The Emails and “Students of Concern”

Most of the information detailed in the emails came from the TESC Talk or Crier listserv. TESC Talk and Crier used to be public until 2006, when TESC made the service available only to the Evergreen community.

Three of these emails are short discussions about events that would occur off campus, in the jurisdiction of Olympia police and Thurston County Sheriffs. Sorger forwarded these emails to the Olympia police and the sheriff’s office. The events were a “Rally to Prevent Militarization of Public Port” on July 31, 2008, a “Proposition 8 Protest” on Nov.15, 2008, and a “Demand for Justice for Jose Ramirez-Jimenez” on Nov. 25, 2008.

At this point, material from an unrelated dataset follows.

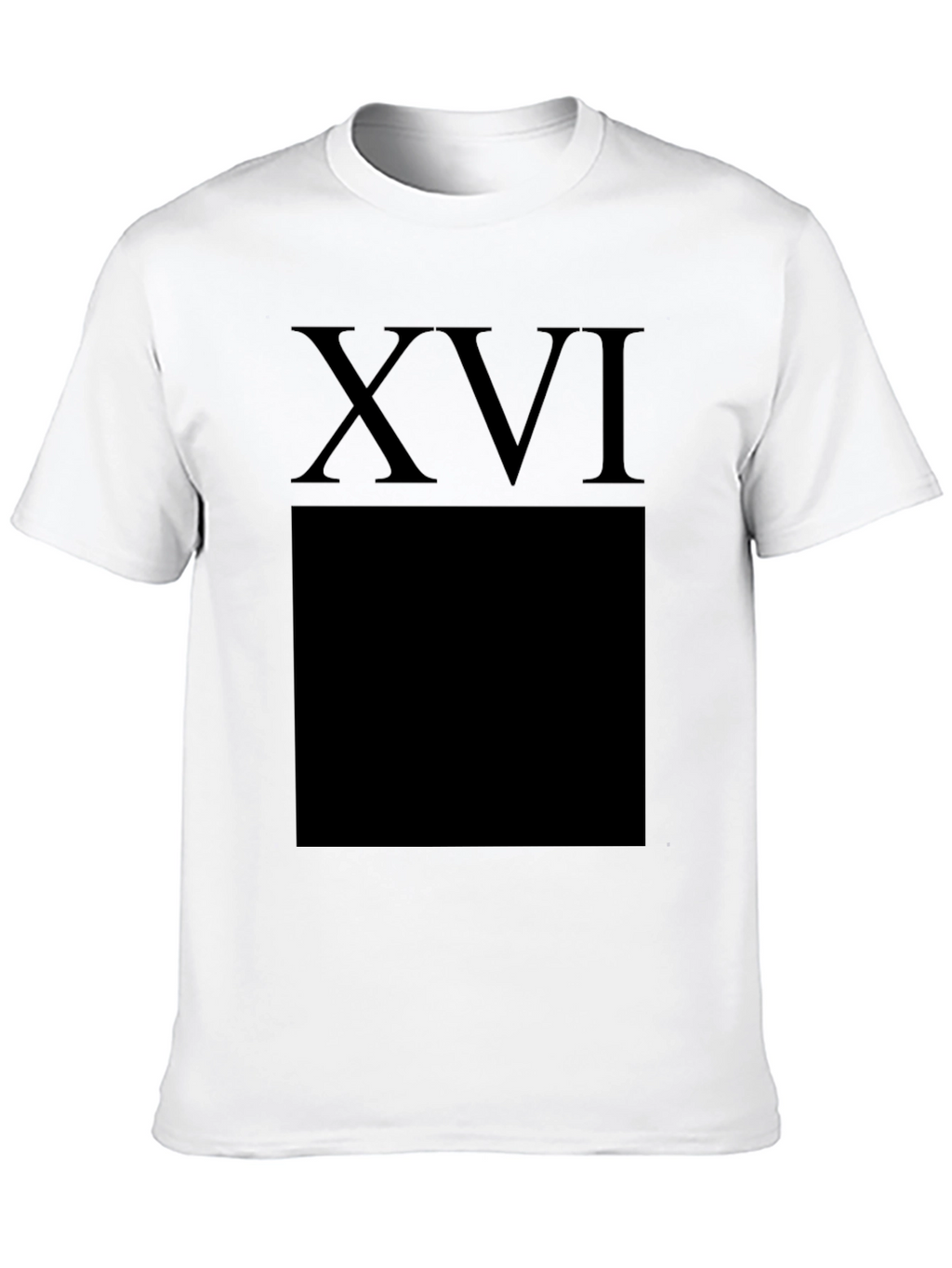 XVI Graphic Tee - Black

One email conversation detailed an emergency SDS meeting on Nov. 1, 2007. The SDS meeting was on the Evergreen campus, and the subject of the meeting was to “discuss responses that the community can have to the further militarization of our port.” Sorger also forwarded this email to the OPD and the sheriff’s office.

Another email was about the Northwest Democratic National Convention/Republican National Convention Resistance Conference at Evergreen on Feb.9, 2008. The email originated from a US Capitol Police officer, who asked for information about the event from the OPD. Lt. Jim Pryde referred the officer to Sorger, “since this event is in his jurisdiction,” Pryde wrote in reply to the officer. It is not known how the information was given to the US Capitol Police.[pullquote_right]We all have a right to lead private lives, engage in political discourse, and petition the government without being subject to additional scrutiny, surveillance, or harassment.”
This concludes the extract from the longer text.